Exact copies of all the lines below are required, with the pictures omitted.

(Crawled caption data)
+ + + + +

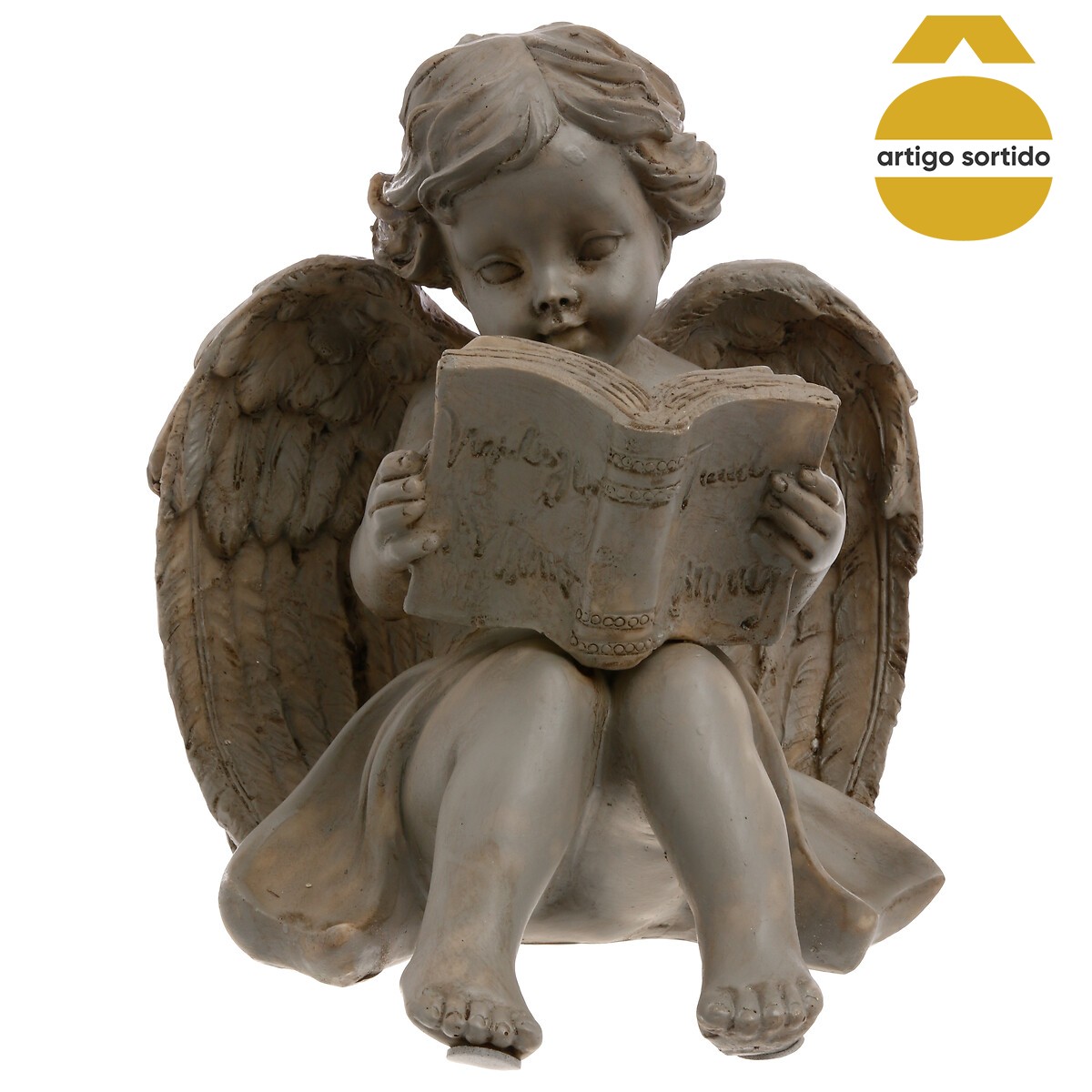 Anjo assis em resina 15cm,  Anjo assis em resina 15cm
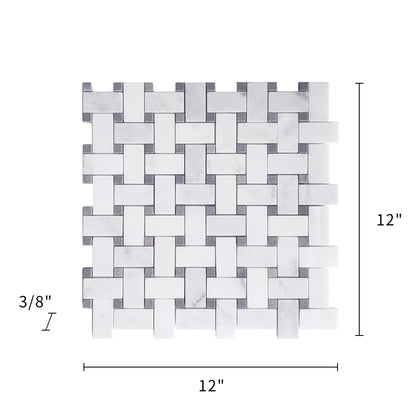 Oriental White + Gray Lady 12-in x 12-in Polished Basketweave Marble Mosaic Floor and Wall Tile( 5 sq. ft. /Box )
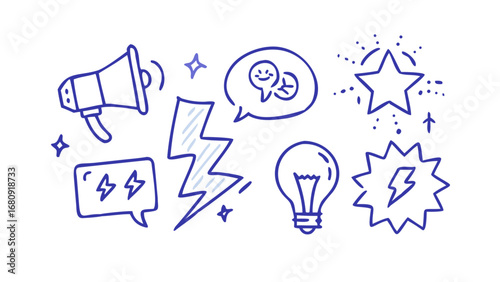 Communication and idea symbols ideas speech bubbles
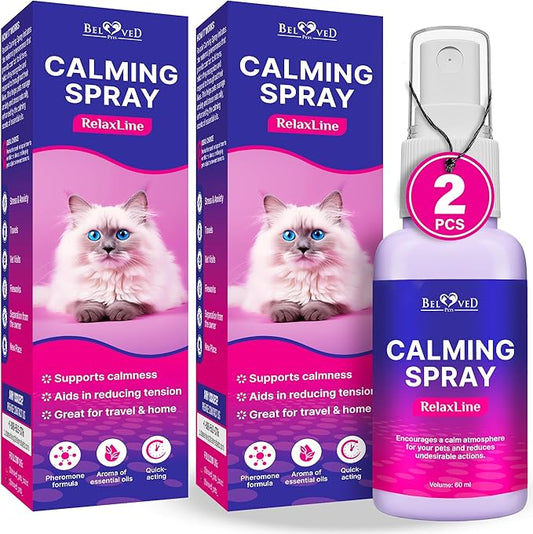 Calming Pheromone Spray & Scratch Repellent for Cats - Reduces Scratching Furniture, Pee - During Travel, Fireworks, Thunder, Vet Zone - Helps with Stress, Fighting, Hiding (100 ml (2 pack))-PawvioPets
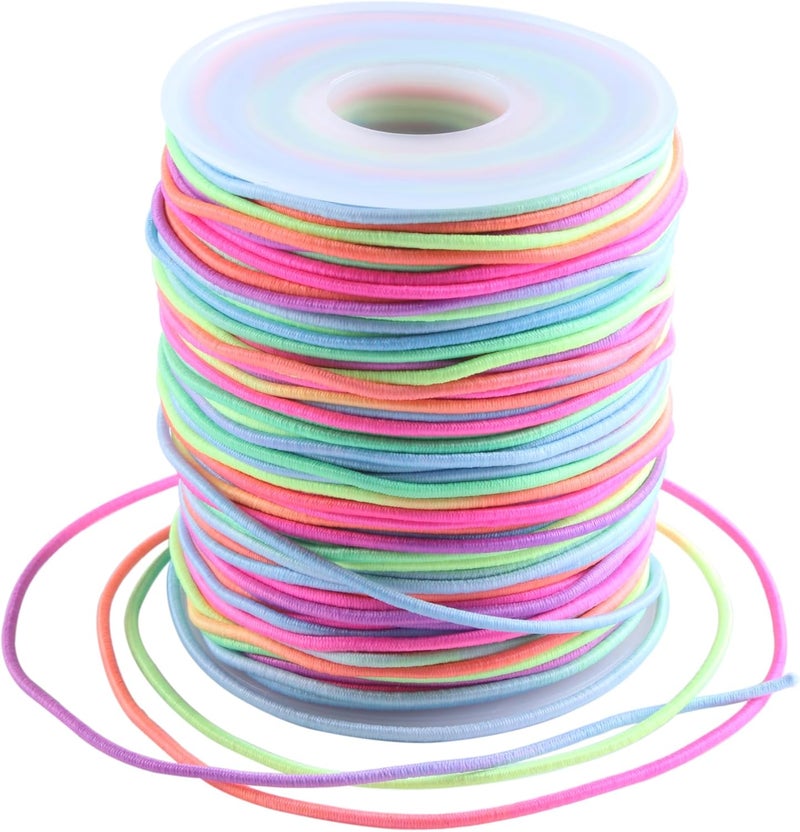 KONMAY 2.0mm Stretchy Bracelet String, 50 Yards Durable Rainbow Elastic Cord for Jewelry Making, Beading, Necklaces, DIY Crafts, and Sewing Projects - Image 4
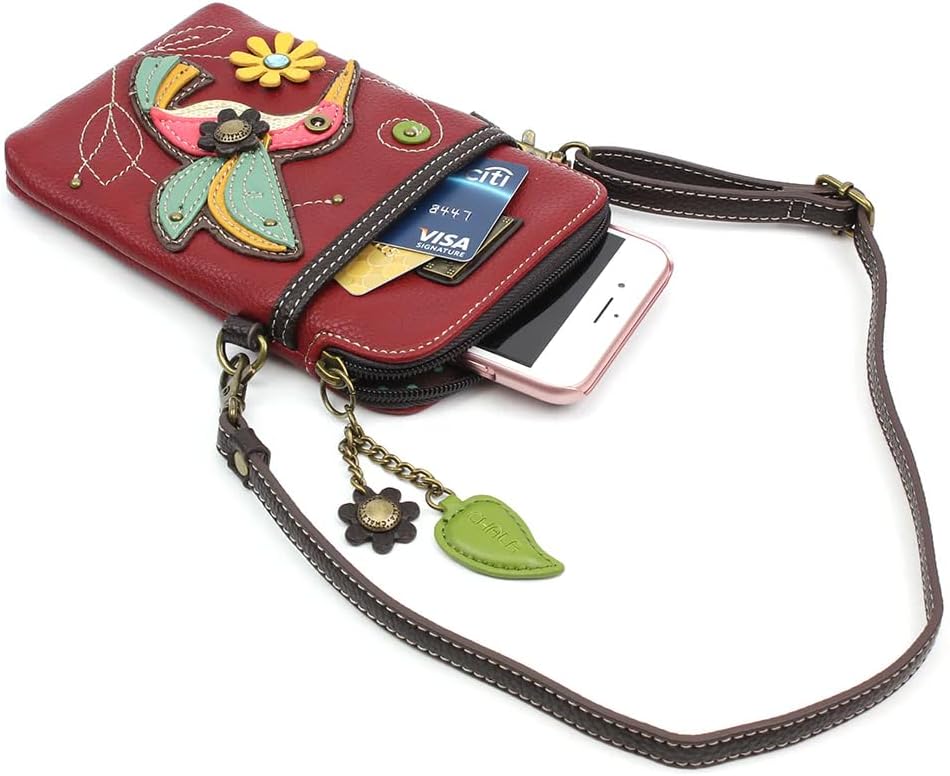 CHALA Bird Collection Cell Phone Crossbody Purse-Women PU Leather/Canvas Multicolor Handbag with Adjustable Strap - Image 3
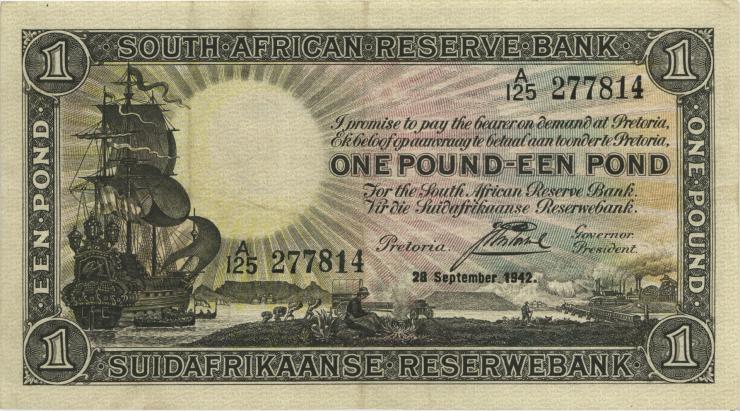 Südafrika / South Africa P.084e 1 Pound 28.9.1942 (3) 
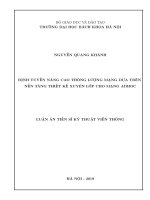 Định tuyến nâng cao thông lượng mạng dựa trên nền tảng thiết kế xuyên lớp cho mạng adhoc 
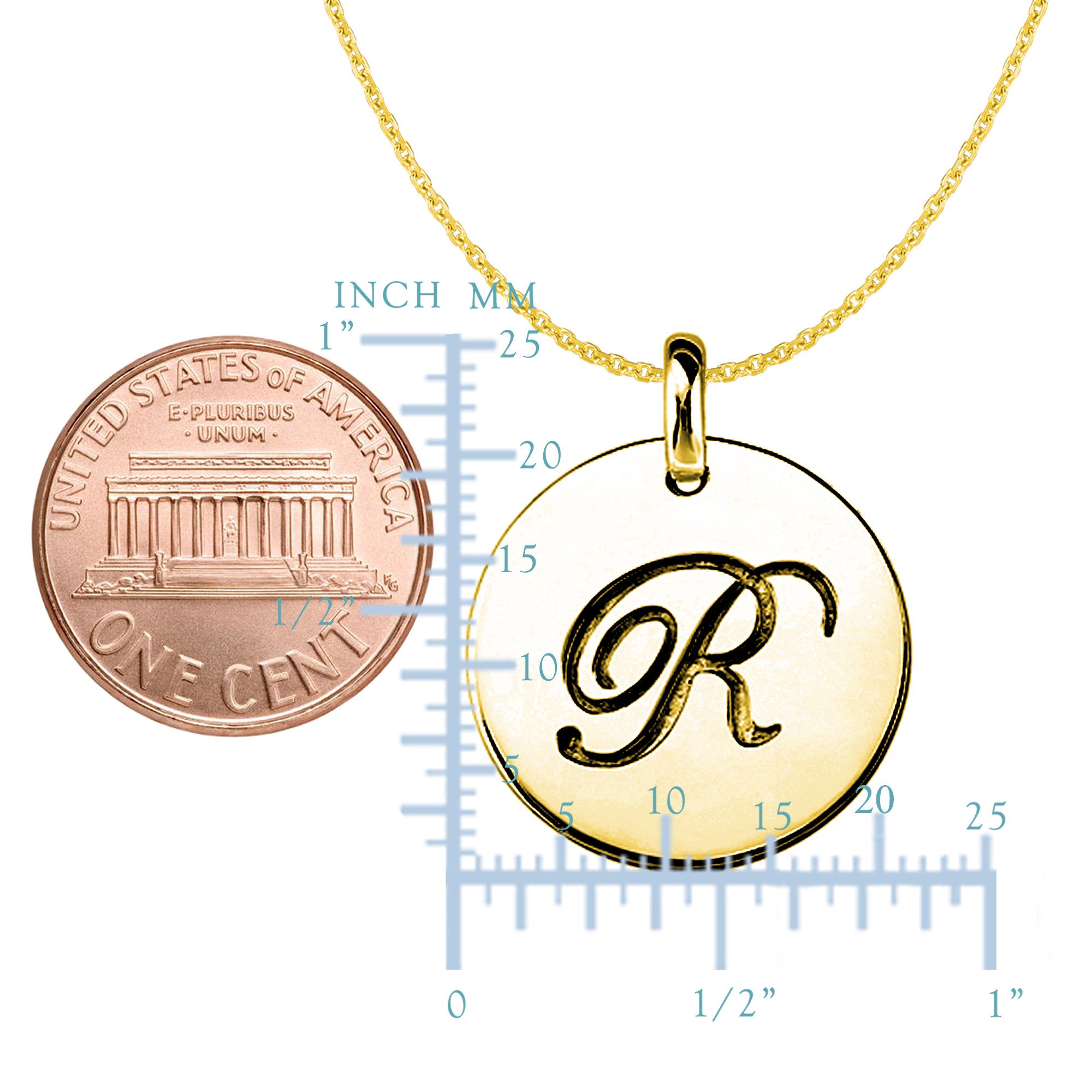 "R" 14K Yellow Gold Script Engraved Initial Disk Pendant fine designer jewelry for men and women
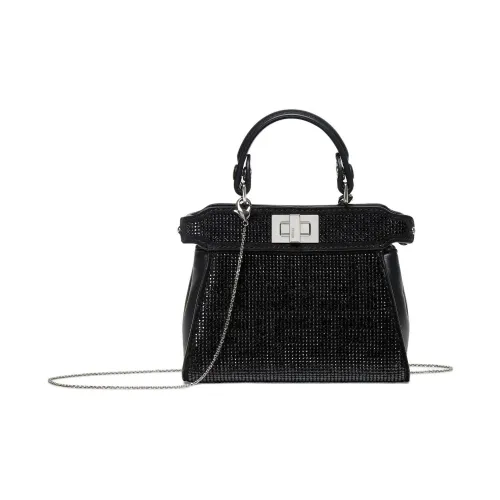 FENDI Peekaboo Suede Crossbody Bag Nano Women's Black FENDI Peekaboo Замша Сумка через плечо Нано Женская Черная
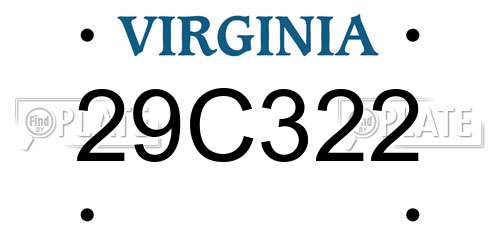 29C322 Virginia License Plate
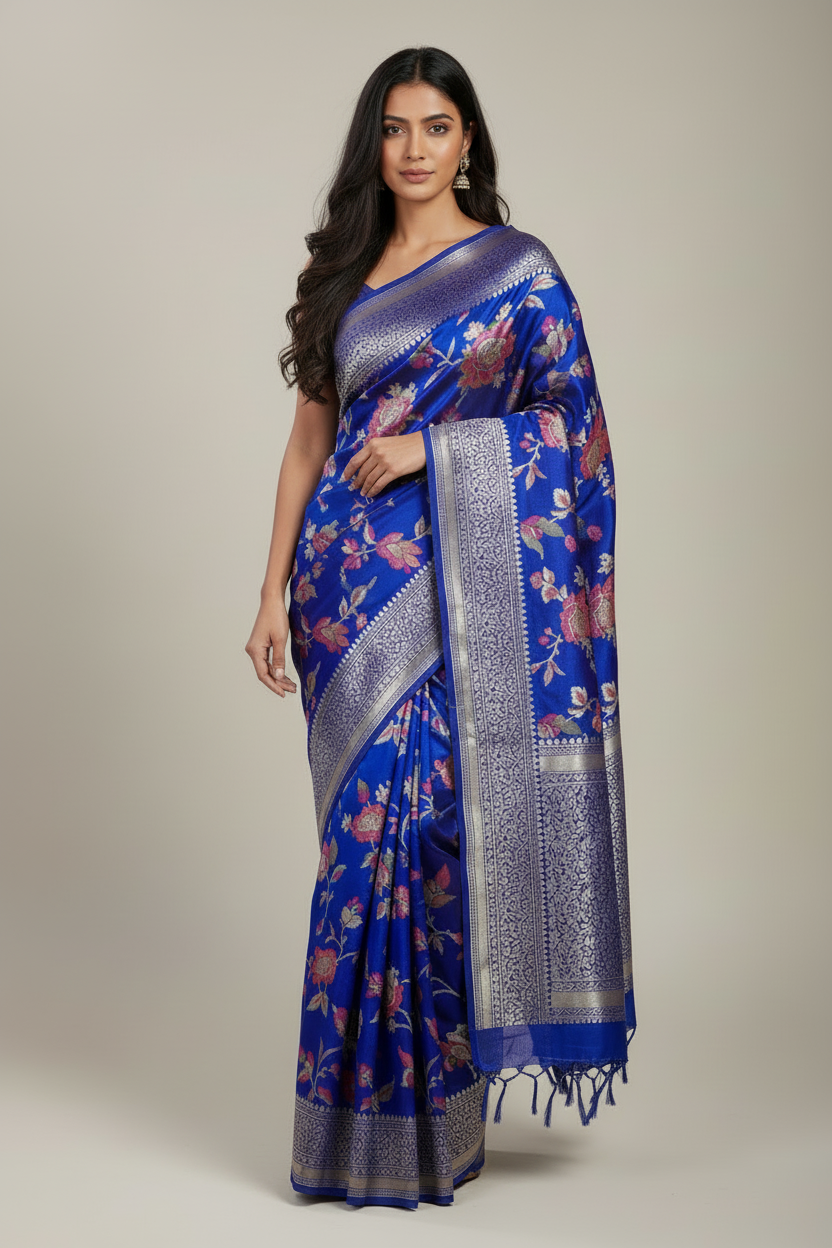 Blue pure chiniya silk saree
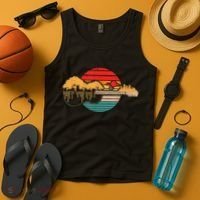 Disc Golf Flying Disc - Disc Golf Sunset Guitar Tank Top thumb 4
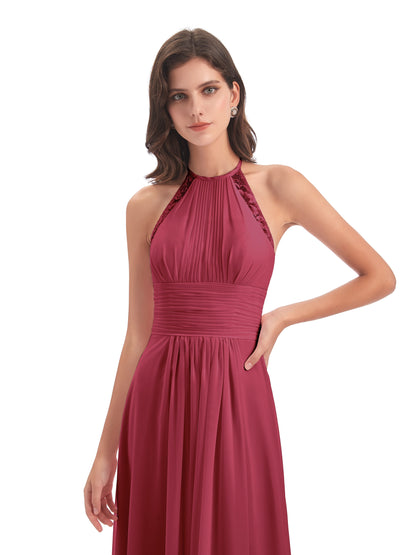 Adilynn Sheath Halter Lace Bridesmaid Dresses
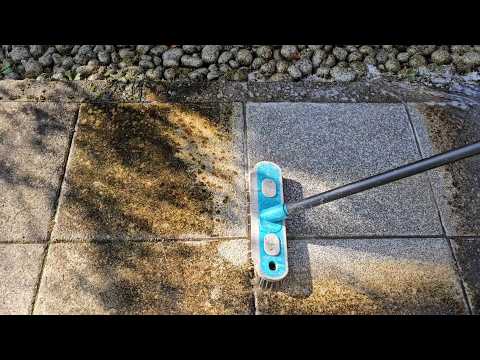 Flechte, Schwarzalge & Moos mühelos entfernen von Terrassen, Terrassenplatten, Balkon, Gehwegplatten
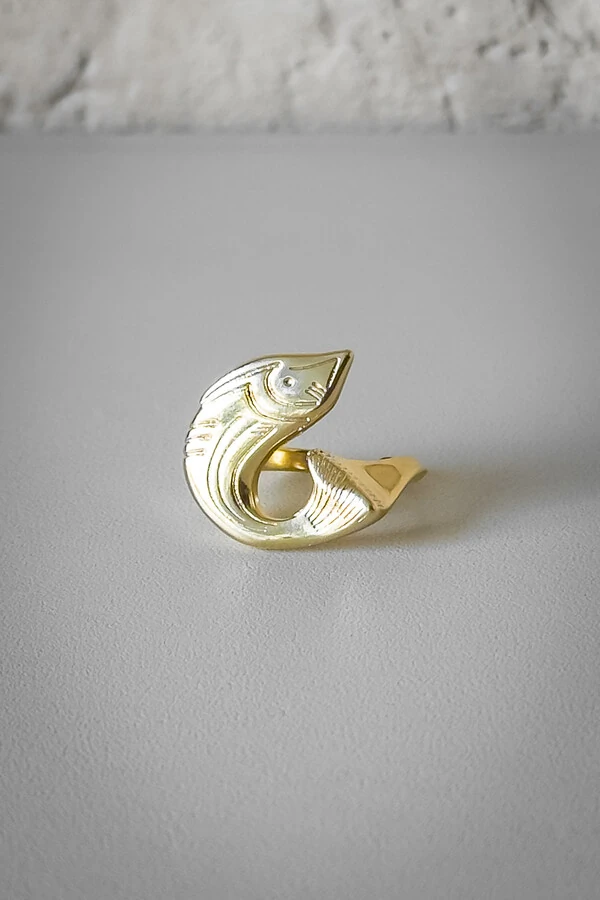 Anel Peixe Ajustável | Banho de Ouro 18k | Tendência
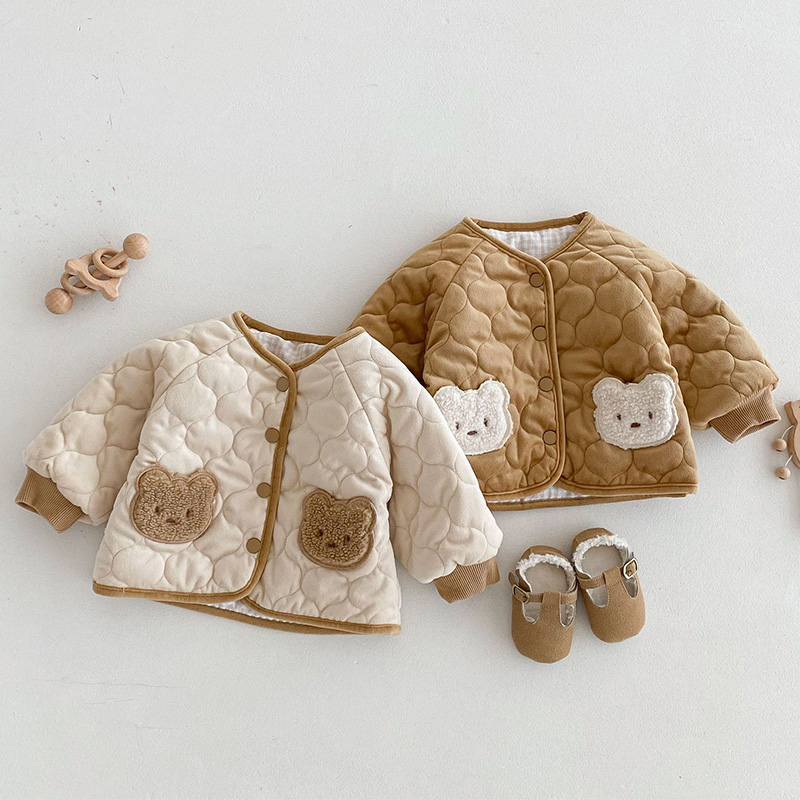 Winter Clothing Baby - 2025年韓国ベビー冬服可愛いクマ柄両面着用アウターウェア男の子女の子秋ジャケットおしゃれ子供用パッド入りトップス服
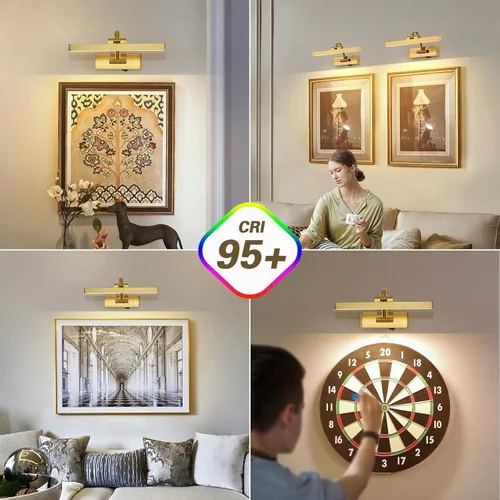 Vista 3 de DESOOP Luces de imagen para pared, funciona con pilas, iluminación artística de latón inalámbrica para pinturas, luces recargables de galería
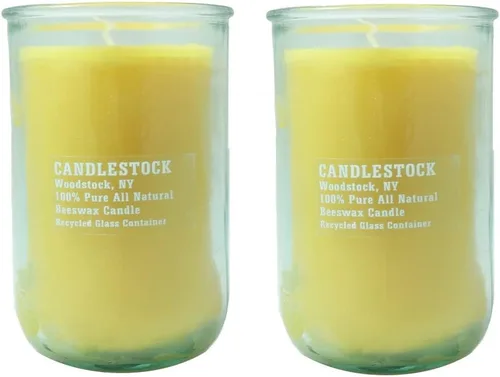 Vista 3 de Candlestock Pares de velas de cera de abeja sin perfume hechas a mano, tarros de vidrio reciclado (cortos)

+ + + + +

### RESULT OF THE EXERCISE:
 Anjo assis em resina 15cm,  Anjo assis em resina 15cm
 Oriental White + Gray Lady 12-in x 12-in Polished Basketweave Marble Mosaic Floor and Wall Tile( 5 sq. ft. /Box )
 Communication and idea symbols ideas speech bubbles
 Calming Pheromone Spray & Scratch Repellent for Cats - Reduces Scratching Furniture, Pee - During Travel, Fireworks, Thunder, Vet Zone - Helps with Stress, Fighting, Hiding (100 ml (2 pack))-PawvioPets
 KONMAY 2.0mm Stretchy Bracelet String, 50 Yards Durable Rainbow Elastic Cord for Jewelry Making, Beading, Necklaces, DIY Crafts, and Sewing Projects - Image 4
 CHALA Bird Collection Cell Phone Crossbody Purse-Women PU Leather/Canvas Multicolor Handbag with Adjustable Strap - Image 3
 Südafrika / South Africa P.084e 1 Pound 28.9.1942 (3) 
 Định tuyến nâng cao thông lượng mạng dựa trên nền tảng thiết kế xuyên lớp cho mạng adhoc 
 "R" 14K Yellow Gold Script Engraved Initial Disk Pendant fine designer jewelry for men and women
 FENDI Peekaboo Suede Crossbody Bag Nano Women's Black FENDI Peekaboo Замша Сумка через плечо Нано Женская Черная
 29C322 Virginia License Plate
 Blue pure chiniya silk saree
 Disc Golf Flying Disc - Disc Golf Sunset Guitar Tank Top thumb 4
 Adilynn Sheath Halter Lace Bridesmaid Dresses
 Flechte, Schwarzalge & Moos mühelos entfernen von Terrassen, Terrassenplatten, Balkon, Gehwegplatten
 Anel Peixe Ajustável | Banho de Ouro 18k | Tendência
 Winter Clothing Baby - 2025年韓国ベビー冬服可愛いクマ柄両面着用アウターウェア男の子女の子秋ジャケットおしゃれ子供用パッド入りトップス服
 Vista 3 de DESOOP Luces de imagen para pared, funciona con pilas, iluminación artística de latón inalámbrica para pinturas, luces recargables de galería
 Vista 3 de Candlestock Pares de velas de cera de abeja sin perfume hechas a mano, tarros de vidrio reciclado (cortos)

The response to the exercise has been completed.